Save to Pinecone
===========

This process involves storing document embeddings in a Pinecone vector database for efficient similarity search and retrieval.

Input
--------------
It may take in Dataframe as an input

Output
--------------
Save data to Vector DB

Type
--------- 

pyspark

Class
--------- 

fire.nodes.gai.NodeSaveToPineconeDB

Fields
--------- 

.. list-table::
      :widths: 10 5 10
      :header-rows: 1

      * - Name
        - Title
        - Description
      * - contentCol
        - Select Content Column
        - Select Content Column
      * - embeddingsCol
        - Select Embeddings Column
        - Select Embeddings Column
      * - pineconeConnection
        - Select Pinecone Connection
        - Select Pinecone Connection
      * - pineconeIndexName
        - Index Name
        - The name of the Pinecone index to create.
      * - indexNameSpace
        - Index Namespace
        - Pinecone Index Namespace
      * - dimension
        - Dimension
        - For text-embedding-ada-002 and amazon.titan-embed-text-v1, dimension is 1536; for multilingual-e5-large, dimension is 1024.
      * - metric
        - Metric
        - Type of metric used in the vector index when querying.
      * - metadataCols
        - Metadata Columns
        - Metadata Columns
      * - uniqueIdCols
        - Unique ID Columns
        - Unique ID Columns


Details
-------
Save to Pinecone Node Details
+++++++++++++++

The Save to Pinecone node stores document embeddings in a Pinecone vector database, enabling efficient similarity search and retrieval.

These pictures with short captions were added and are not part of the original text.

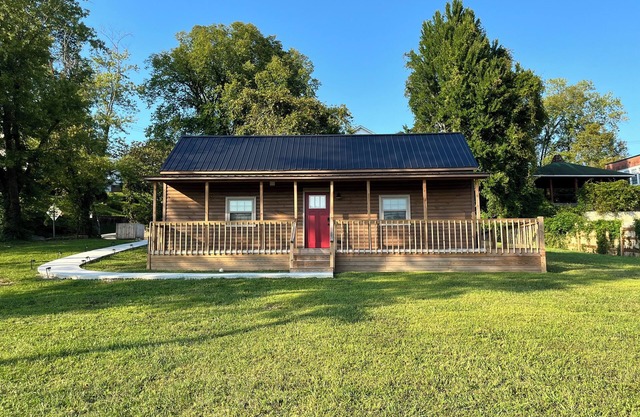 Lillie's Pad -Cozy 2-bedroom cabin- 20 miles from Natural Bridge in Beattyville.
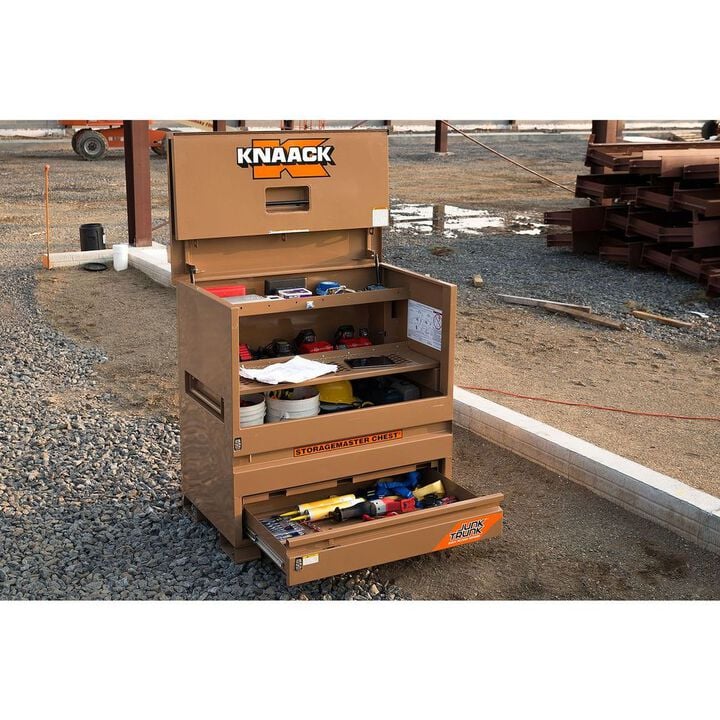 Knaack Model 79-D 36.2 Cu-Ft. Tan Steel Piano Box with KL (Padlock), large image number 9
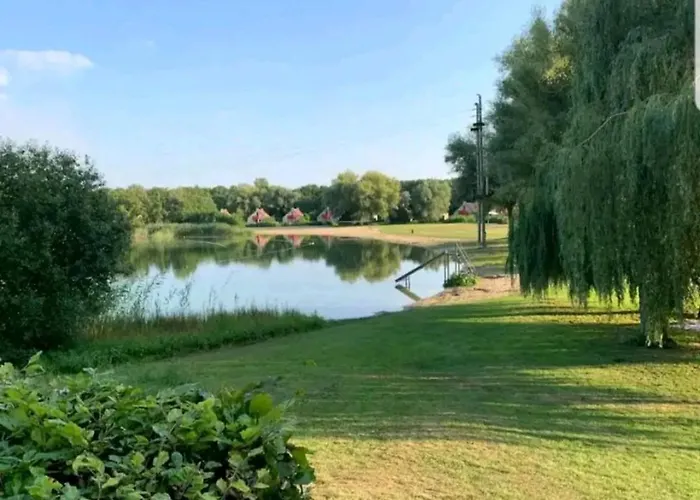 Сasa de vacaciones Bohemian Wellness Met Hottub & Sauna Ewijk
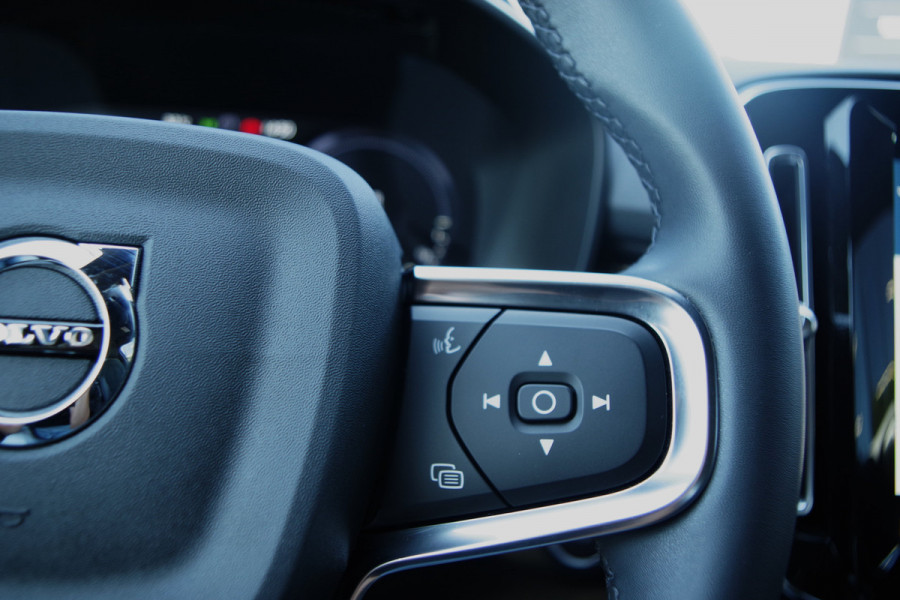 Volvo XC40 1.5 T4 211 PK Recharge R-Design, Adap. Cruise Control, Camera, Climate Control, Camera
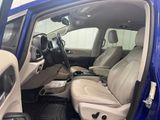 Used 2021 Chrysler Pacifica Touring-L image 5
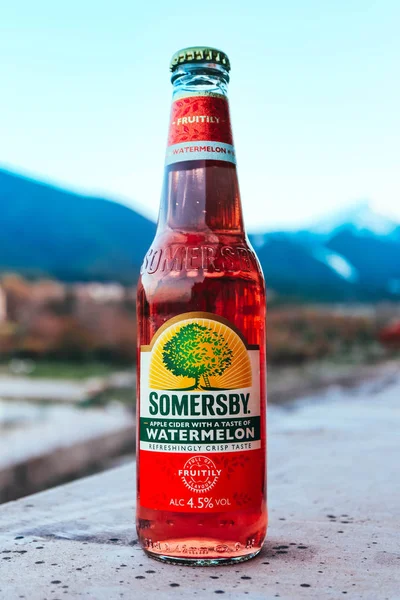 Bulgaristan, Bansko - 17 Nisan 2018: Bir şişe Somersby elma suyu, bira ürün şirket Carlsberg Grup.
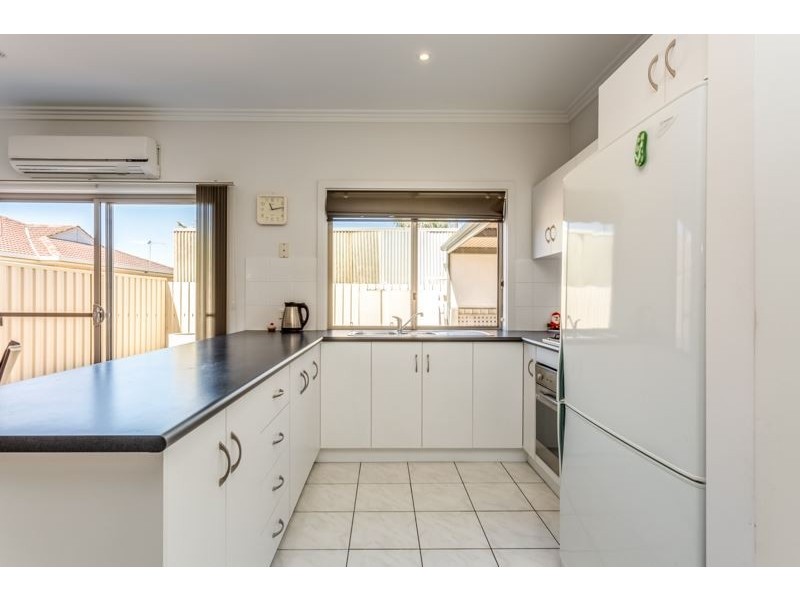 Res 5/5-7 Rosette Avenue, Para Hills West SA 5096
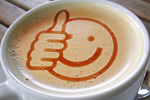 Daumen hoch für Kaffee. Foto: geralt. pixabay.de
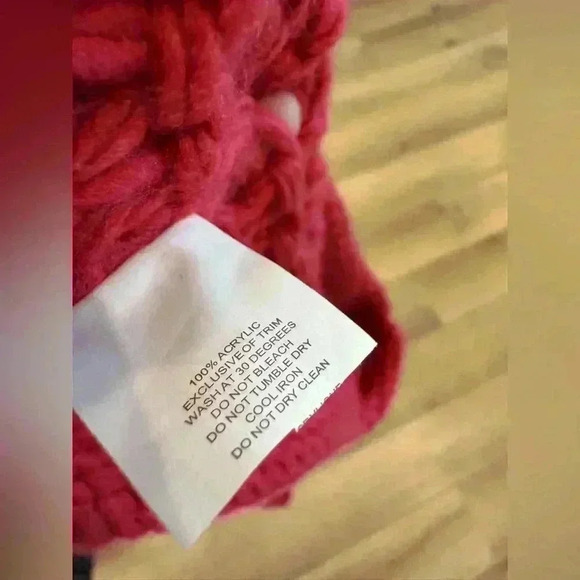 Nasty Gal Women's Deep Pink/Red Pom Pom Chunky Knit Sweater Size S Pullover - Picture 12 of 12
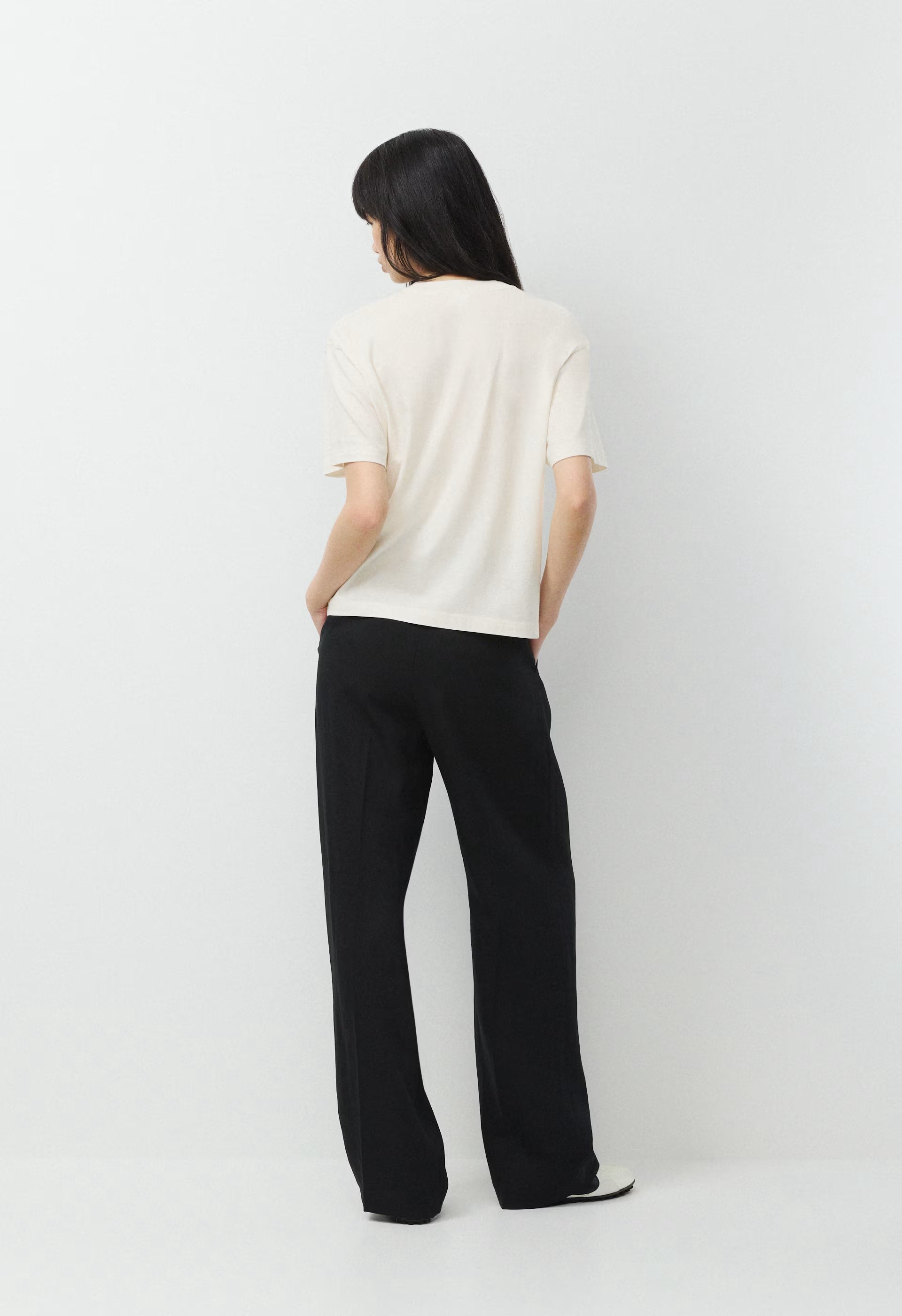 Soft Feels™ Detroit T-Shirt - LIGHT BIRCH/ SHADY BLU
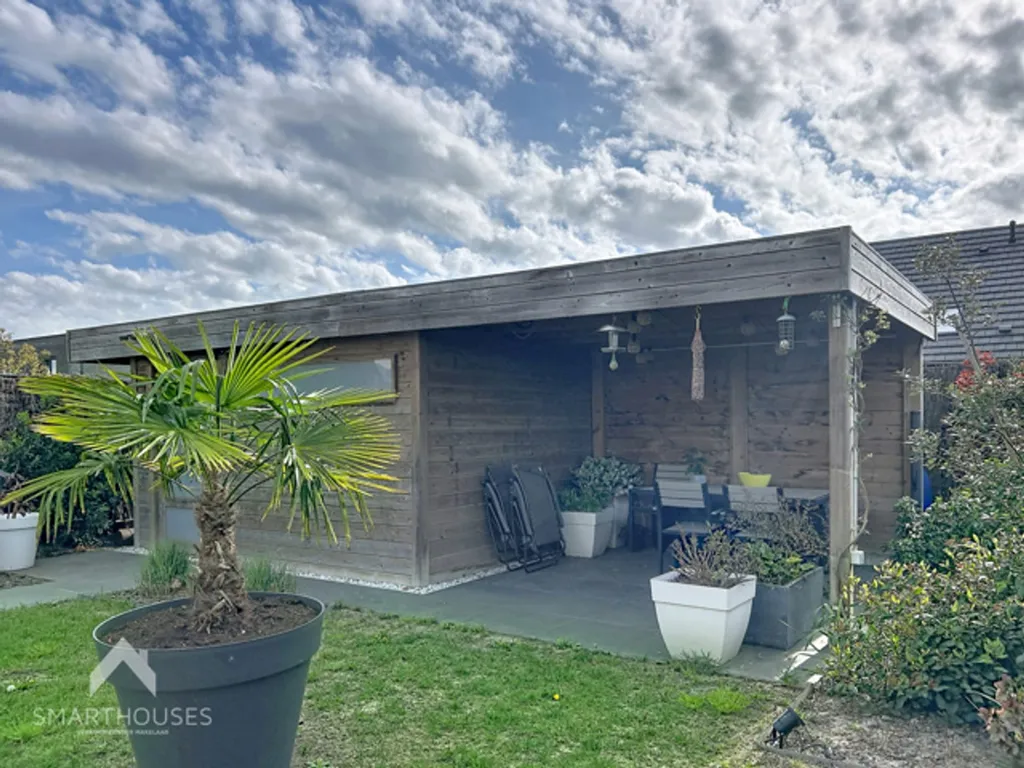 Aed - Energy-Efficient House with South-West Garden in 2017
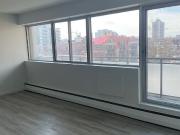 Mid rise apartment building in Centretown One month free...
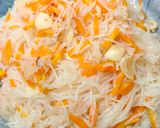 Foto langkah ke 4 dari resep Tumis Bihun/Soun Polos.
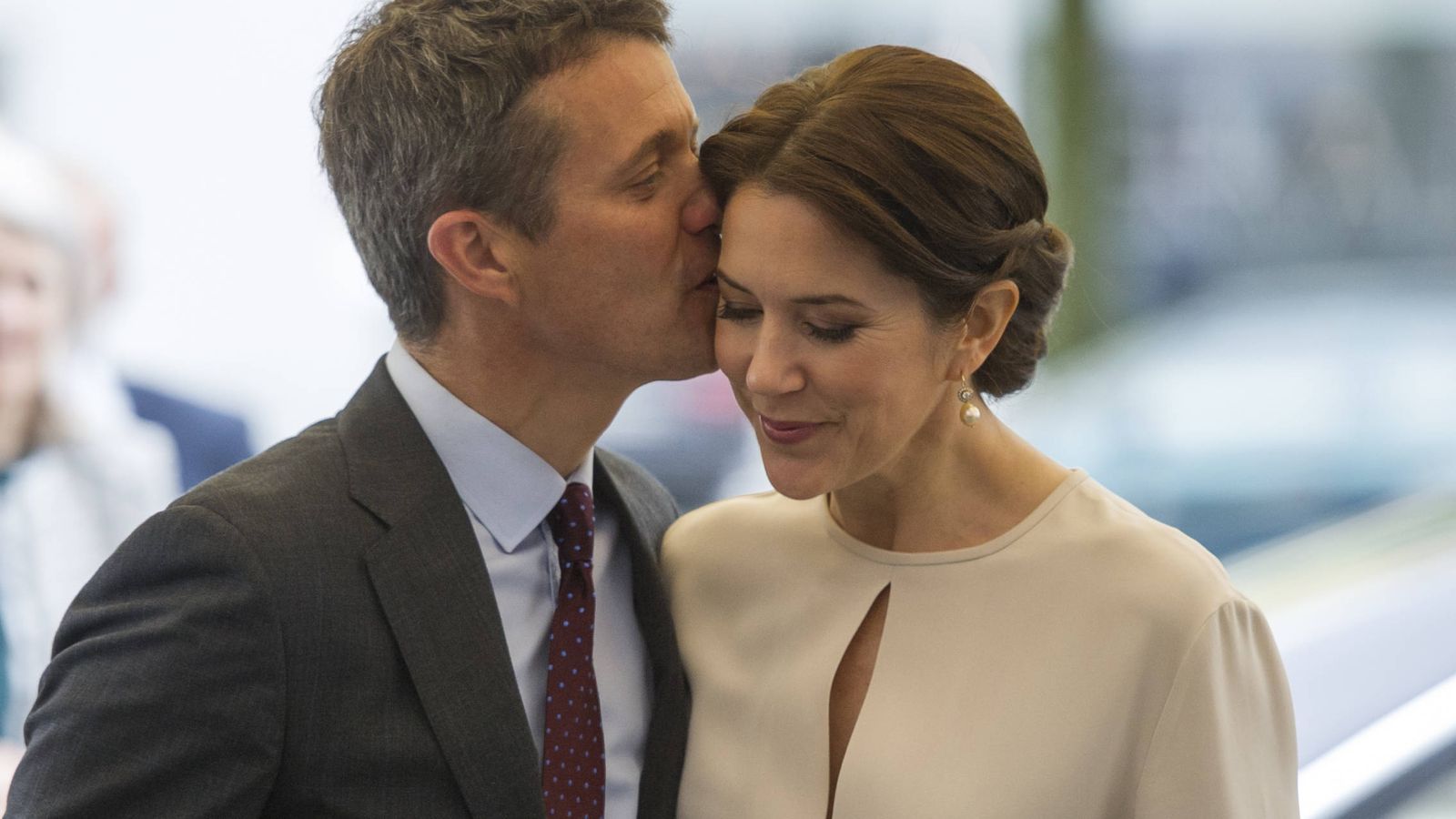 Foto: Federico de Dinamarca besa cariñosamente a su esposa Mary en una visita oficial a Múnich, Alemania. (Getty)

It takes a DataFrame as input, containing text content and corresponding embeddings, and saves them to a specified Pinecone index. This node is designed for PySpark-based workflows, making it ideal for integrating vector-based storage and search into data pipelines.


General:
+++++++++++++++

Select Content Column: Specifies the DataFrame column containing the text content to be stored in the Pinecone vector database. This is required to associate text with the embeddings.


Select Embeddings Column: Specifies the DataFrame column containing the embeddings (vector representations) of the text content. This is required for storage in the vector database.


Select Pinecone Connection: Specifies the connection details for the Pinecone API (e.g., API key, environment). This is required to authenticate and access the Pinecone service.


Index Name: Specifies the name of the Pinecone index where the embeddings will be stored. Default is 'document-index'. If the index does not exist, it will be created.


Index Namespace: Specifies the namespace within the Pinecone index to organize the stored embeddings. Default is 'document-namespace'. This is optional and used to group related vectors.


Dimension: Specifies the dimensionality of the embeddings. Default is 1024 (suitable for models like multilingual-e5-large). For other models, such as text-embedding-ada-002 or amazon.titan-embed-text-v1, the dimension is typically 1536. This must match the embedding model used.


Metric: Specifies the distance metric used for similarity search in the Pinecone index. Options are:


* cosine: Cosine similarity metric.
* dotproduct: Dot product metric.
* euclidean: Euclidean distance metric (default).


Metadata Columns: Specifies one or more DataFrame columns to include as metadata for the stored embeddings. This is optional and allows additional context to be stored alongside the vectors.


Unique ID Columns: Specifies one or more DataFrame columns to use as unique identifiers for the stored embeddings. This is optional; if provided, these IDs are used to reference the vectors in the Pinecone index.


Output:
+++++++++++++++

The node saves the embeddings, content, and optional metadata to the specified Pinecone index and namespace. It does not produce a DataFrame output but confirms the successful storage of data in the Pinecone vector database, ready for similarity search and retrieval.


Examples
-------
Example: Save to Pinecone Node
+++++++++++++++


Input:
+++++++++++++++

A DataFrame contains the following data:


* doc_id: ["doc1", "doc2"]
* content: ["This is a report about climate change...", "A study on AI advancements..."]
* embeddings: [[0.12, 0.45, ...], [0.23, 0.67, ...]] (1024-dimensional vectors)
* category: ["Environment", "Technology"]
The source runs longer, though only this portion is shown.